Work item: Having found the line containing "Khi điện thoại" in the records below, copy that line and each later one exactly, dropping pictures.

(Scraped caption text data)
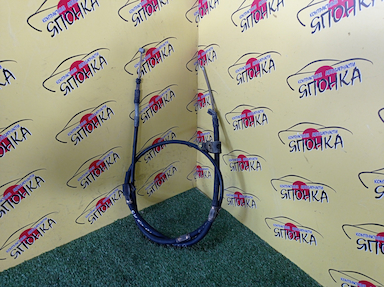 ТРОСИК РУЧНИКА/TOY/VISTA ARDEO/VISTA/AZV50G/SV50G/ZZV50G/L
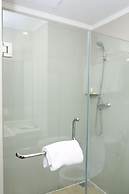 Asialink Premier Karawang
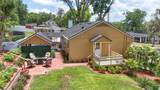 102 Clayton Street - Photo 34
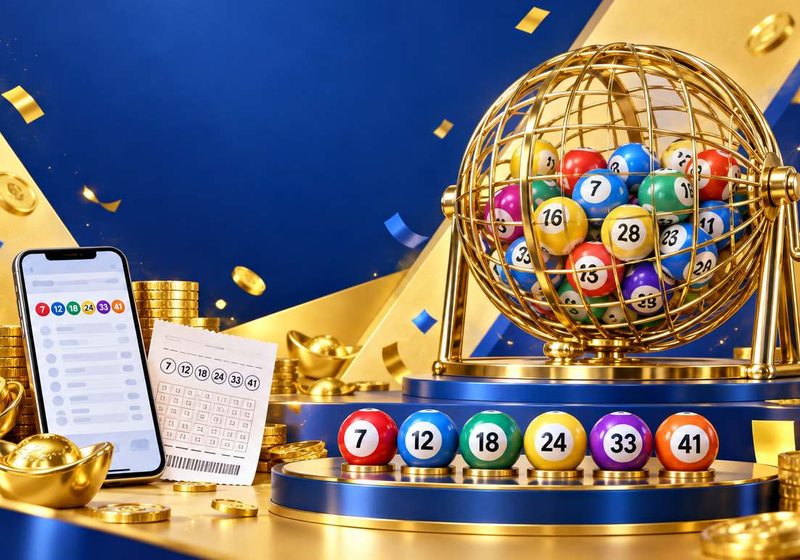 Khi điện thoại không nhận thông báo – hướng dẫn theo tình huống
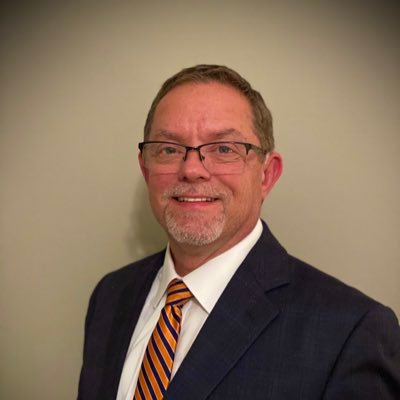 Profile Picture of Matt McLane (@MattMcLane9) on Twitter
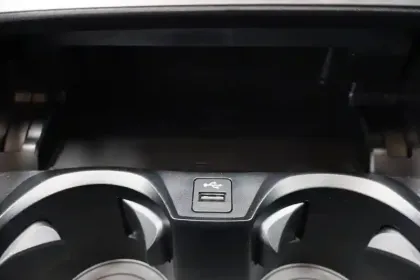 Photo 7 BMW Serie 2 M2 Coupe 460 ch BVA8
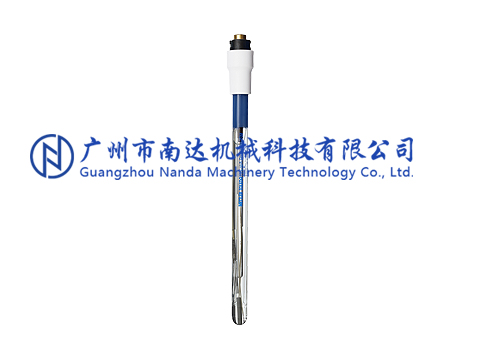 復合PH電極 復合PH電極
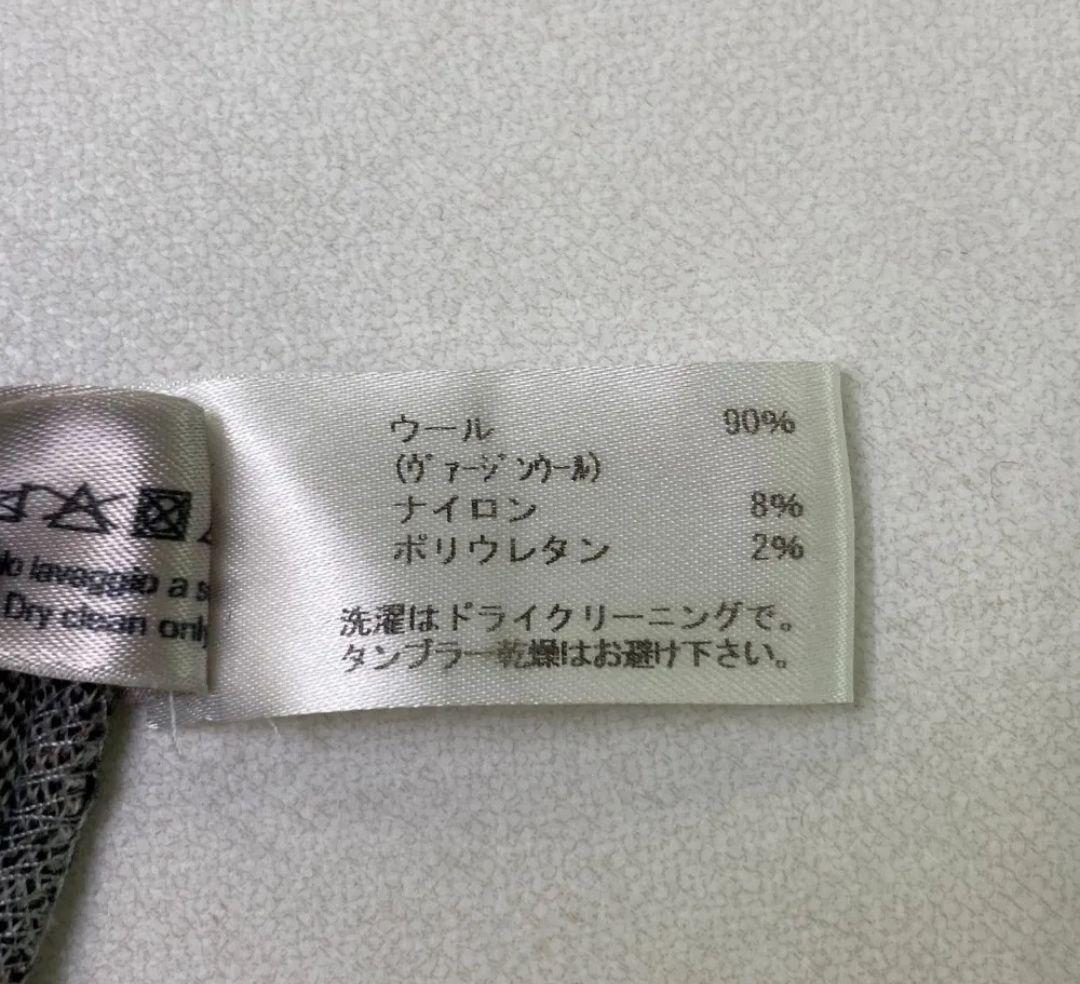 美品ボッテガヴェネタワンピース ドレス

Exercise result:
 Khi điện thoại không nhận thông báo – hướng dẫn theo tình huống
 Profile Picture of Matt McLane (@MattMcLane9) on Twitter
 Photo 7 BMW Serie 2 M2 Coupe 460 ch BVA8
 復合PH電極 復合PH電極
 美品ボッテガヴェネタワンピース ドレス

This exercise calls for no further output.